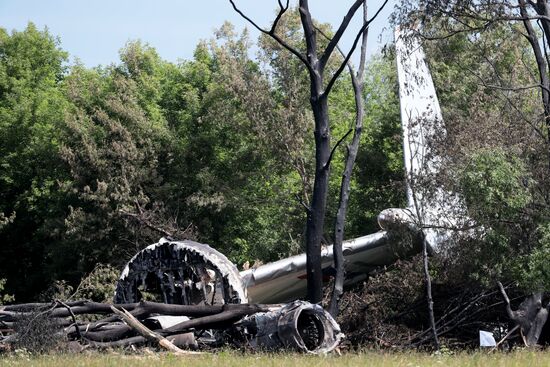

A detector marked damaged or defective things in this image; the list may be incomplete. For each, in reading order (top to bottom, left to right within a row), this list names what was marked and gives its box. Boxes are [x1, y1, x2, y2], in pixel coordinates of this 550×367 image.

burnt wreckage pile [0, 242, 344, 354]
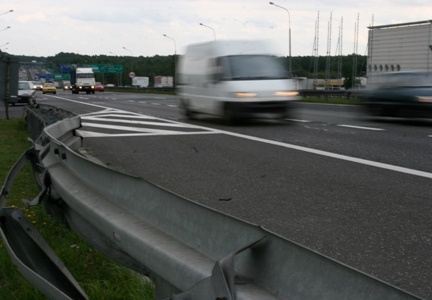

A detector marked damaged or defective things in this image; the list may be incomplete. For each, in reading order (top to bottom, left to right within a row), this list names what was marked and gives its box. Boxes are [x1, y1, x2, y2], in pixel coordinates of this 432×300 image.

damaged guardrail section [0, 110, 424, 300]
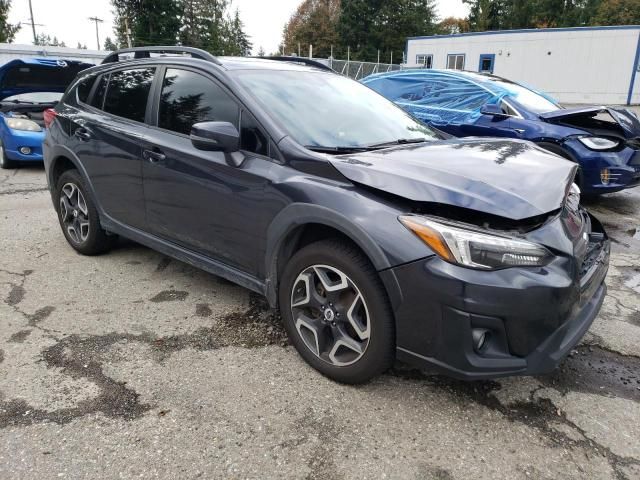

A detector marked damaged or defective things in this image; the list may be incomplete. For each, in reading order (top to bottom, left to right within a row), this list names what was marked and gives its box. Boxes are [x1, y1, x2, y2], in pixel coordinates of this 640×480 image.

damaged blue car [362, 69, 640, 195]
dented hood [540, 106, 640, 139]
dented hood [332, 139, 576, 221]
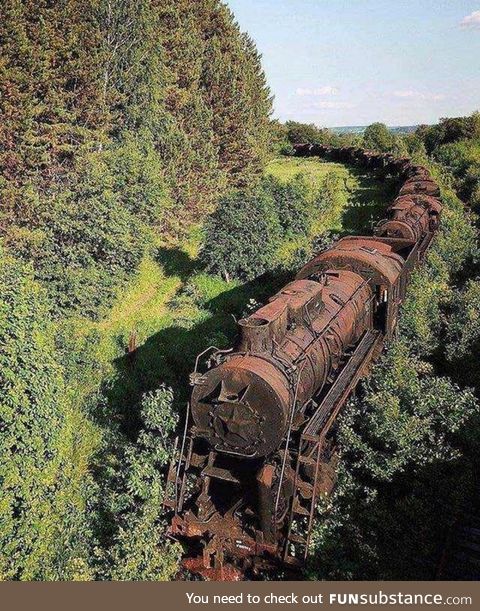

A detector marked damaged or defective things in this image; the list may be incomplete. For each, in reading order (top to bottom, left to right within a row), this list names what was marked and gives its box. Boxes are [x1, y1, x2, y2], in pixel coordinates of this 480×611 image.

rusty locomotive [164, 142, 442, 580]
rusty brown train car [164, 142, 442, 580]
rusty metal surface [167, 146, 444, 580]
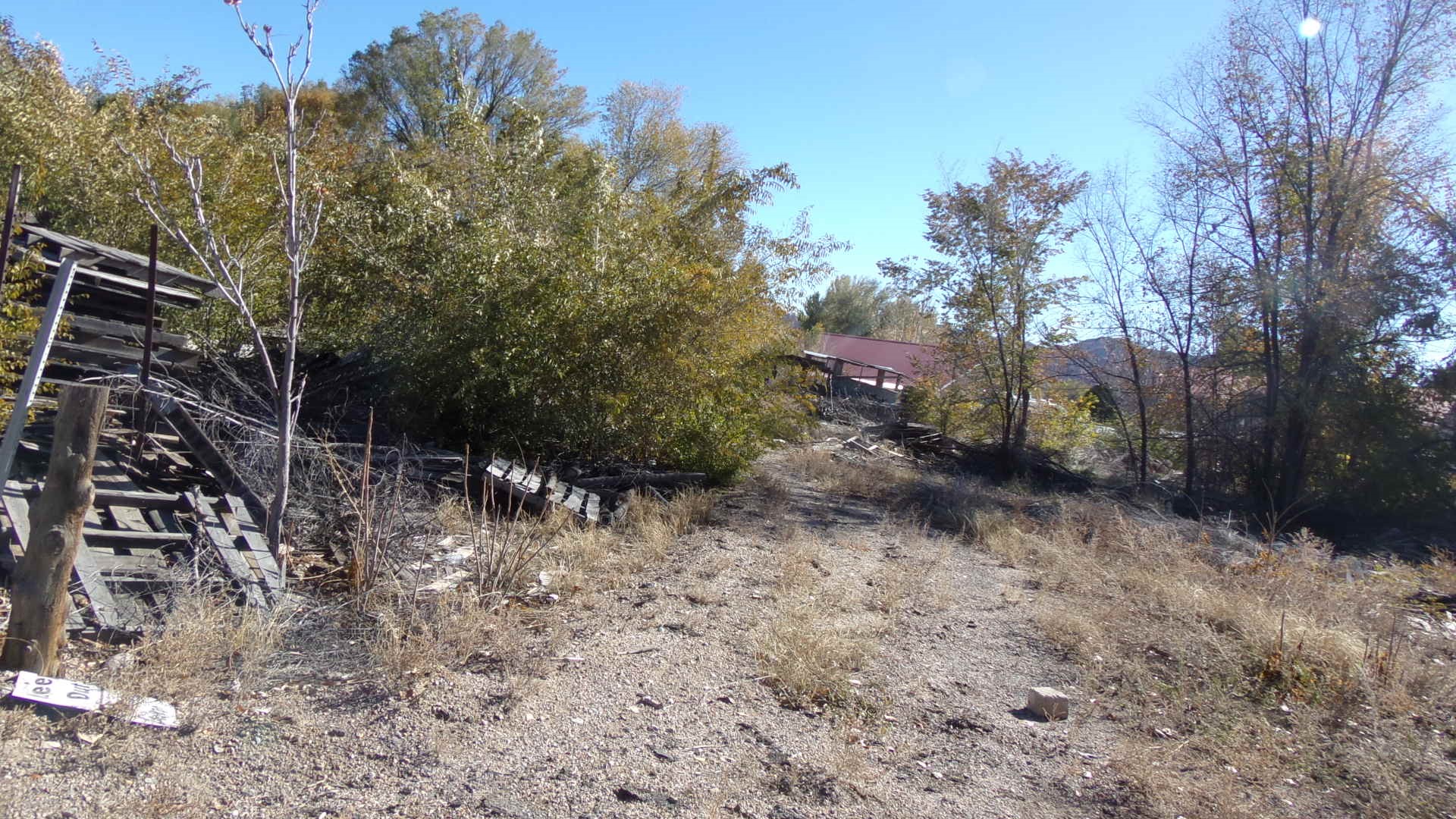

* * * * * * *

▸ **WHAT IS NEEDED**
Where a picture appears in the material above, skip it, and print the rest exactly.

▸ **TASK ANSWER**
A detector marked damaged or defective things in this image; the list may be incomplete. For each, in reading order (top to bottom, left to right within a row), this list names what was marked and gives its box. Boxes are [x1, y1, x2, y2], in pixel coordinates of this 550×367 image.

burnt wreckage pile [0, 242, 344, 354]

A detector marked damaged or defective things in this image; the list may be incomplete. For each, in reading order (top to bottom, left to right within a row), this list names what was marked and gives its box. Boxes are [x1, y1, x2, y2], in pixel coordinates of this 432×300 image.

damaged guardrail section [0, 110, 424, 300]

A detector marked damaged or defective things in this image; the list may be incomplete. For each, in reading order (top to bottom, left to right within a row), this list names what was marked and gives its box. Boxes are [x1, y1, x2, y2], in pixel coordinates of this 640×480 image.

damaged blue car [362, 69, 640, 195]
dented hood [540, 106, 640, 139]
dented hood [332, 139, 576, 221]

A detector marked damaged or defective things in this image; the list may be incomplete. For each, in reading order (top to bottom, left to right within a row), this list names what was marked and gives its box. Boxes are [x1, y1, x2, y2], in pixel coordinates of this 480×611 image.

rusty locomotive [164, 142, 442, 580]
rusty brown train car [164, 142, 442, 580]
rusty metal surface [167, 146, 444, 580]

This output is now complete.